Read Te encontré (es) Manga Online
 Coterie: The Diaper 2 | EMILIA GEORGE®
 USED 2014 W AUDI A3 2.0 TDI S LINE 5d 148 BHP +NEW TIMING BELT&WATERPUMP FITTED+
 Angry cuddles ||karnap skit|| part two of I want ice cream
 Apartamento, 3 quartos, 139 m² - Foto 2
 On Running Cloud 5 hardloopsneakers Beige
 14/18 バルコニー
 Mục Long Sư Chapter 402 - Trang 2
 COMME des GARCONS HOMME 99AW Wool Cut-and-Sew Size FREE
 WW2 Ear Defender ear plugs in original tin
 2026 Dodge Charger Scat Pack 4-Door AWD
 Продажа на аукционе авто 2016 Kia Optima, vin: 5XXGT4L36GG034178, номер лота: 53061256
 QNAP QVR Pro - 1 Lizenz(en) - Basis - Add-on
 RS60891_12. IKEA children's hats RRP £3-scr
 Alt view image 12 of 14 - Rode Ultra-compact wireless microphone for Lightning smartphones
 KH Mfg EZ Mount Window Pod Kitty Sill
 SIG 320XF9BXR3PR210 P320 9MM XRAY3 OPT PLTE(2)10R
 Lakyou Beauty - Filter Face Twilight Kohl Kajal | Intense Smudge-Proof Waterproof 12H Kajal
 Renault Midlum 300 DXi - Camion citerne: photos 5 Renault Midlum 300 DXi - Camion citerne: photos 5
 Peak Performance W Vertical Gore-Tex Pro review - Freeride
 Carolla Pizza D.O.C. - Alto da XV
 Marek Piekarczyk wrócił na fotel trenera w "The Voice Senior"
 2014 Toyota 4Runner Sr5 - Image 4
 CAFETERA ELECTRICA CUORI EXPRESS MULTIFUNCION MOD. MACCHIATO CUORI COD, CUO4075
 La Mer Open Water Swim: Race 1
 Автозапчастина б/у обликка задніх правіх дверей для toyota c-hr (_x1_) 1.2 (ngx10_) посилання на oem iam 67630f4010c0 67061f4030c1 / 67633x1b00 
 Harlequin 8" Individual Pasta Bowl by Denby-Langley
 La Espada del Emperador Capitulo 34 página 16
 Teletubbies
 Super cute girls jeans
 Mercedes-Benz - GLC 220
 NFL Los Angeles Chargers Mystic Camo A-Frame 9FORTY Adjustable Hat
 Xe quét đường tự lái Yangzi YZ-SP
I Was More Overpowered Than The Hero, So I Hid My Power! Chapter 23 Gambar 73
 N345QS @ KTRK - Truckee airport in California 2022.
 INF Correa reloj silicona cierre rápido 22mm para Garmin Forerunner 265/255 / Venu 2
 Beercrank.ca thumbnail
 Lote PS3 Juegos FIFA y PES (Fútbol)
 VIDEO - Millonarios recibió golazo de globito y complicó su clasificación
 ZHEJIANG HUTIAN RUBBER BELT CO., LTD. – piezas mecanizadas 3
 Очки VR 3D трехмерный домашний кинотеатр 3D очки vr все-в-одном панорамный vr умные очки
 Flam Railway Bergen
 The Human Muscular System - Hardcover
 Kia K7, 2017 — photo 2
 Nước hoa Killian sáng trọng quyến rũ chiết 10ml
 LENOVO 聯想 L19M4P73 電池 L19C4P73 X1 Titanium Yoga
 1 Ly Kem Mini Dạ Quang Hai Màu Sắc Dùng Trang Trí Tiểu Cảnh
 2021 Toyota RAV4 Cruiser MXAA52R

★ ★ ★ ★

◆ Aim of the task
The lines above from the one containing "Apartamento, 3 quartos, 139 m² - Foto 2" through the one containing "WW2 Ear Defender ear plugs in original tin" are to be set down exactly, and no others.

◆ Answer section
 Apartamento, 3 quartos, 139 m² - Foto 2
 On Running Cloud 5 hardloopsneakers Beige
 14/18 バルコニー
 Mục Long Sư Chapter 402 - Trang 2
 COMME des GARCONS HOMME 99AW Wool Cut-and-Sew Size FREE
 WW2 Ear Defender ear plugs in original tin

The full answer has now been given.